Considering liquid fuels from a variety of feedstocks and refinement processes, evaporating sprays of various fuels are investigated in a constant-volume chamber at ambient and injection conditions typical of a diesel engine. For diesel sprays, the liquid phase of the spray reaches a maximum penetration distance soon after the start of injection, while the vapor phase of the spray continues to penetrate downstream. This liquid-phase penetration distance or in short, the "liquid length", depends upon the ambient and fuel-injector conditions. To clarify fuel effects on liquid length and vapor penetration, in this study we performed simultaneous high-speed imaging of Mie-scattering and schlieren at approximately 50-kHz framing rates. Experiments were performed at specified ambient gas temperature and density in an environment with 0% oxygen. This non-reacting condition was selected intentionally to isolate the mixing and vaporization processes from more complex effects of combustion. Fuels with a wide range of boiling points and densities were examined, including a conventional No. 2 diesel, low-aromatics jet fuel, world-average jet fuel, Fischer-Tropsch synthetic fuel, coal-derived fuel, and a two-component surrogate fuel. Results show that the liquid length increases with increasing fuel density for fuels of similar boiling-point temperature. Considering a mixing-limited vaporization process, entrained ambient mass per fuel mass is inversely proportional to the fuel density, and thereby, high fuel density causes a decrease in ambient-to-fuel ratio, which increases liquid length.
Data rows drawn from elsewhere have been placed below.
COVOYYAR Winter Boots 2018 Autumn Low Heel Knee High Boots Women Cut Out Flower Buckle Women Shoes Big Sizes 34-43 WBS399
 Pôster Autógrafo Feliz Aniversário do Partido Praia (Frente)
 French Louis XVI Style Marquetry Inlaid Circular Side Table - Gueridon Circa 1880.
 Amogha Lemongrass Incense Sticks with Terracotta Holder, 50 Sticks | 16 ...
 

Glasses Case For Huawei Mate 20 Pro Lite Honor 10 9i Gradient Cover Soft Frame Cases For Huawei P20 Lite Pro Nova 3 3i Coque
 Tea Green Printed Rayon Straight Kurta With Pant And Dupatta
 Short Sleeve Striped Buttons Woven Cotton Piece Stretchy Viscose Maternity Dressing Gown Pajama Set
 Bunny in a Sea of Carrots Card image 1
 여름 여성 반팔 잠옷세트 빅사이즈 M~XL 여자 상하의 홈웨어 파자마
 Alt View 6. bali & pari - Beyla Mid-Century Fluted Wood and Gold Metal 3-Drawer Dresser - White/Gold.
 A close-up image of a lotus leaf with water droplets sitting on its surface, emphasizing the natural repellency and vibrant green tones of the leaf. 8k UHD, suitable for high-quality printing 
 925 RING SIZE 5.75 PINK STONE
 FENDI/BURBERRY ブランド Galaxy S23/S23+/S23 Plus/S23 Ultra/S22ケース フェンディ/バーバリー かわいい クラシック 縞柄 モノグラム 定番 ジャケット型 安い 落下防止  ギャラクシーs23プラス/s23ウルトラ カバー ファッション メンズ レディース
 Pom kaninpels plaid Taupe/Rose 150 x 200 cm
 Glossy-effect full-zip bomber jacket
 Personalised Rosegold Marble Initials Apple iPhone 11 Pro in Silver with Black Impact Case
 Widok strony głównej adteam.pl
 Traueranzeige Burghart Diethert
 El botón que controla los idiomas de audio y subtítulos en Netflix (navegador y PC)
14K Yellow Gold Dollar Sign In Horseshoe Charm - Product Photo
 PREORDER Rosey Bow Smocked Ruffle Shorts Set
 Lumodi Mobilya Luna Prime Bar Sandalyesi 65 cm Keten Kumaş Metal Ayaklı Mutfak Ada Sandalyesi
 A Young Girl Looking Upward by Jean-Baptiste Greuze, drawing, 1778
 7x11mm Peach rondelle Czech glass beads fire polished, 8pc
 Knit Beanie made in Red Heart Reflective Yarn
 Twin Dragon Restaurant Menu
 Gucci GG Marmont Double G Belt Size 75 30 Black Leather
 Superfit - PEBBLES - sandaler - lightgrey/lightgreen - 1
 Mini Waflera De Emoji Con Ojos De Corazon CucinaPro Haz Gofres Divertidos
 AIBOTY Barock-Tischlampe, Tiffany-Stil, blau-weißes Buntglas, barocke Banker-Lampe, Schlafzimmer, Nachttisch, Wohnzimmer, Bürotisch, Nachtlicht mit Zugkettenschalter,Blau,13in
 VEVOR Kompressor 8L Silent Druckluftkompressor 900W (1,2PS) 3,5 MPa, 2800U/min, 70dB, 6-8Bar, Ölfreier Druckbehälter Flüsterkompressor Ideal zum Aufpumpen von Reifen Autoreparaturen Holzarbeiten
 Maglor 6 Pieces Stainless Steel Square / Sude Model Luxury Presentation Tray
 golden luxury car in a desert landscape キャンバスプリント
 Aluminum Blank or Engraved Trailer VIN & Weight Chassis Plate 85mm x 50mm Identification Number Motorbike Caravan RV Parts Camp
Consequently, both boiling point and density of fuel affect liquid length. In contrast to the liquid-length result, no correlation between fuel density and vapor penetration was found. This is because the momentum flux, which governs the jet penetration, is not a function of the fuel density. Although the liquid length varies, the similarity in vapor penetration for all fuels investigated shows that the fuel density and boiling point do not significantly affect the total entrainment and mixing into the spray.